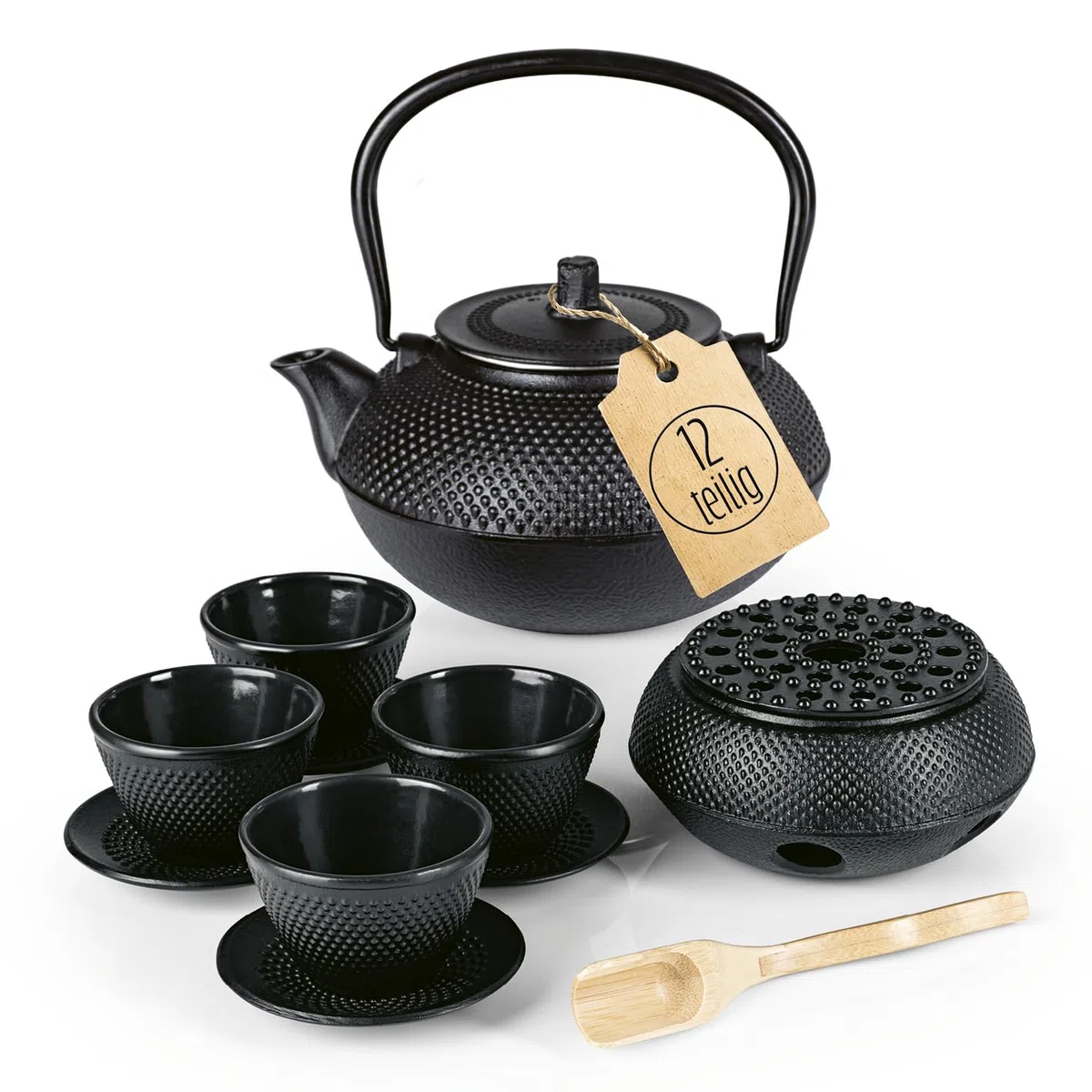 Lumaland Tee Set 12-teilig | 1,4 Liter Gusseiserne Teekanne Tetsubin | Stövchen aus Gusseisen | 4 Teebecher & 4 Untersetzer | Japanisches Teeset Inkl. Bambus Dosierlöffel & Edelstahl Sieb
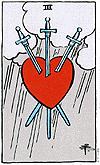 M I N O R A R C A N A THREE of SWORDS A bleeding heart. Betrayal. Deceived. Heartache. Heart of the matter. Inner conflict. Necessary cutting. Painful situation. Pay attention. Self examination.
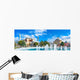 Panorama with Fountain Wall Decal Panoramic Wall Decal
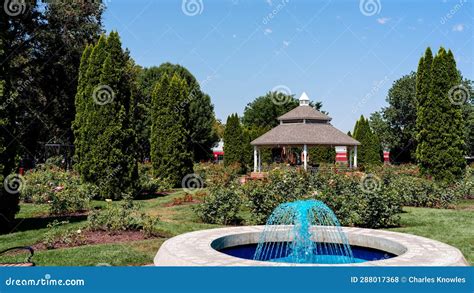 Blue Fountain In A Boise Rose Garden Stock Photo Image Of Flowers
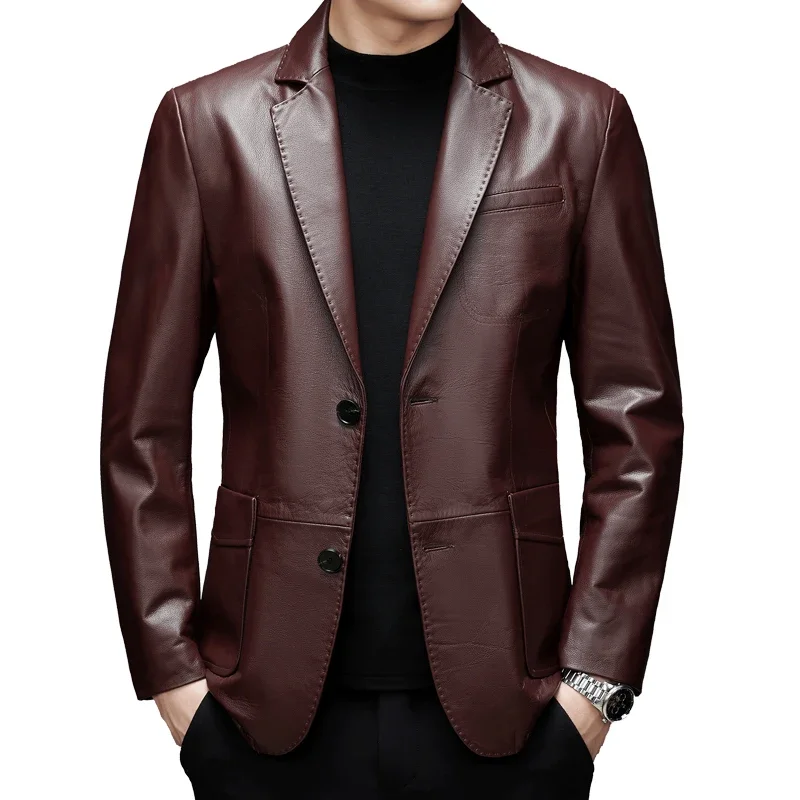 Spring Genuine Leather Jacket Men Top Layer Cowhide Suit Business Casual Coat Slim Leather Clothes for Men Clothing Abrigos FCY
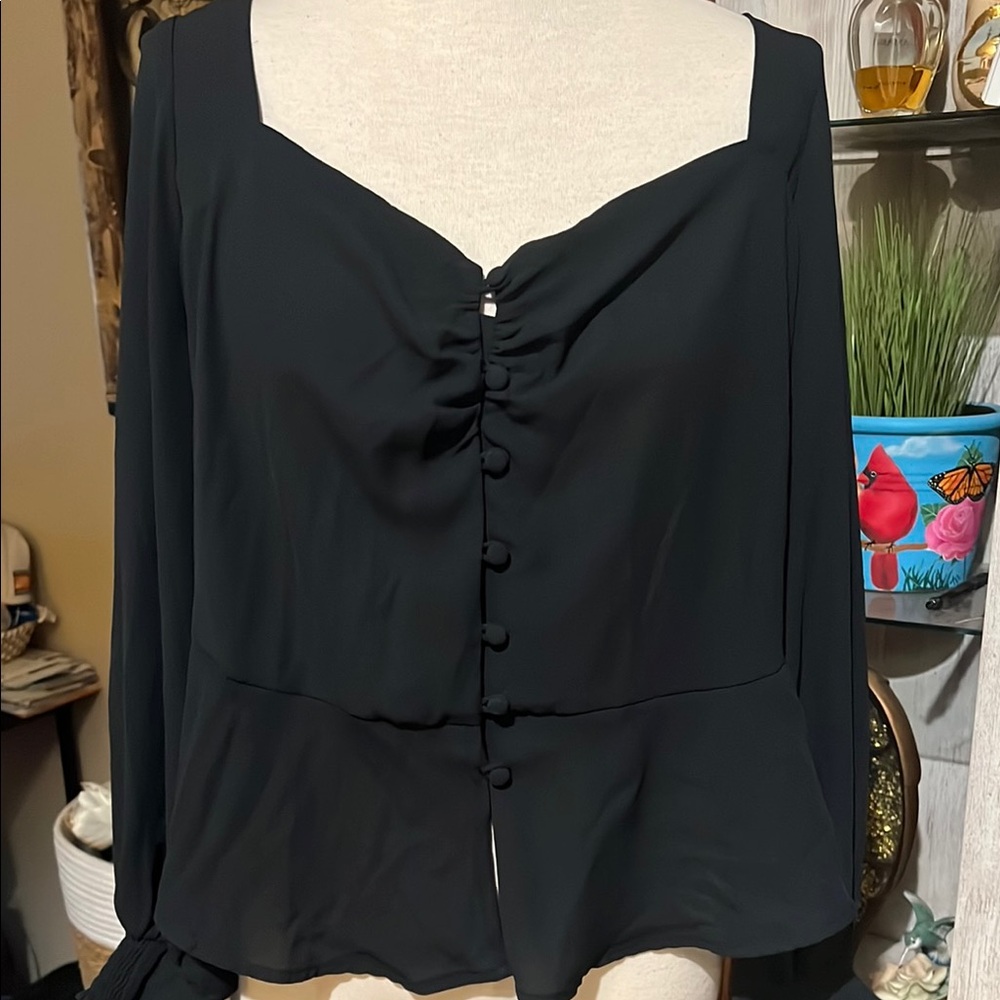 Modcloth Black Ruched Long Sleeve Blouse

▬▬▬▬▬▬▬▬▬▬

> **Task goal**: If an entry above holds a picture, leave that picture out and print the rest exactly.

> **Written response**:
 Lumaland Tee Set 12-teilig | 1,4 Liter Gusseiserne Teekanne Tetsubin | Stövchen aus Gusseisen | 4 Teebecher & 4 Untersetzer | Japanisches Teeset Inkl. Bambus Dosierlöffel & Edelstahl Sieb
 M I N O R A R C A N A THREE of SWORDS A bleeding heart. Betrayal. Deceived. Heartache. Heart of the matter. Inner conflict. Necessary cutting. Painful situation. Pay attention. Self examination.
 Panorama with Fountain Wall Decal Panoramic Wall Decal
 Blue Fountain In A Boise Rose Garden Stock Photo Image Of Flowers
 Spring Genuine Leather Jacket Men Top Layer Cowhide Suit Business Casual Coat Slim Leather Clothes for Men Clothing Abrigos FCY
 Modcloth Black Ruched Long Sleeve Blouse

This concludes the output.